# [Activity]
In the material below, write out each line word for word and omit the pictures.

# [Collected data]

——

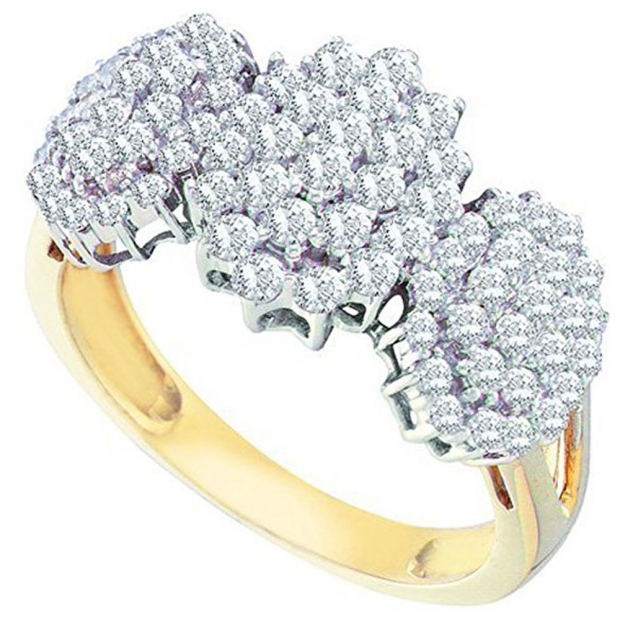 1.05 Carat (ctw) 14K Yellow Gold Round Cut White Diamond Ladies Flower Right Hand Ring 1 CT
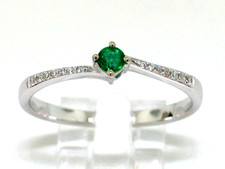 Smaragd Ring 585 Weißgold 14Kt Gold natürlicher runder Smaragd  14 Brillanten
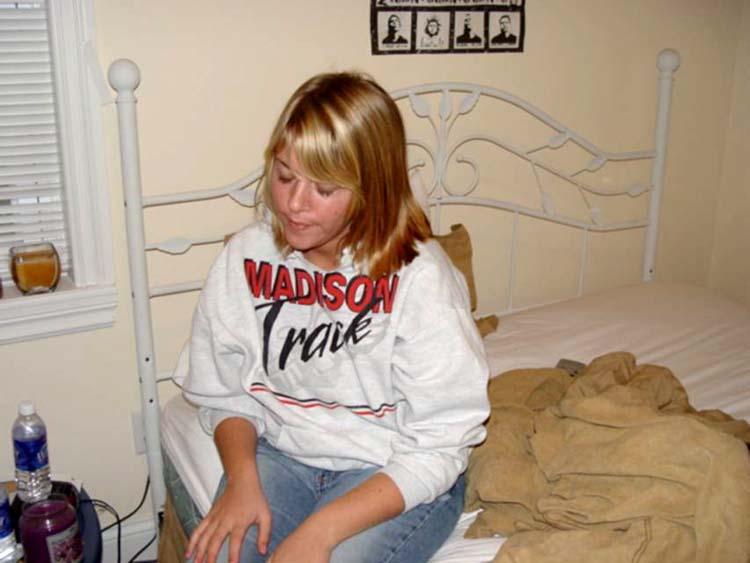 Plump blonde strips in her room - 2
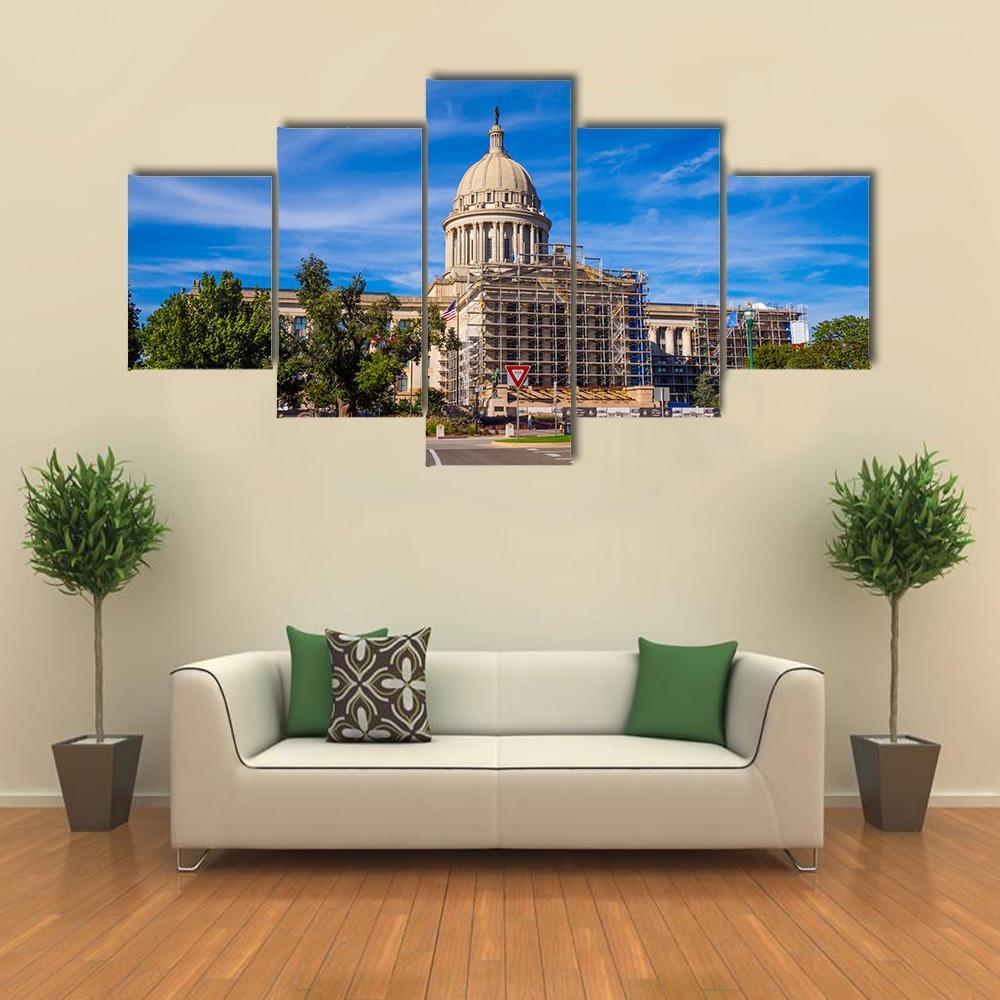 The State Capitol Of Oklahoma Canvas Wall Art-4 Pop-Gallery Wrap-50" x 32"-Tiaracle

——

# [Output of the task]
 1.05 Carat (ctw) 14K Yellow Gold Round Cut White Diamond Ladies Flower Right Hand Ring 1 CT
 Smaragd Ring 585 Weißgold 14Kt Gold natürlicher runder Smaragd  14 Brillanten
 Plump blonde strips in her room - 2
 The State Capitol Of Oklahoma Canvas Wall Art-4 Pop-Gallery Wrap-50" x 32"-Tiaracle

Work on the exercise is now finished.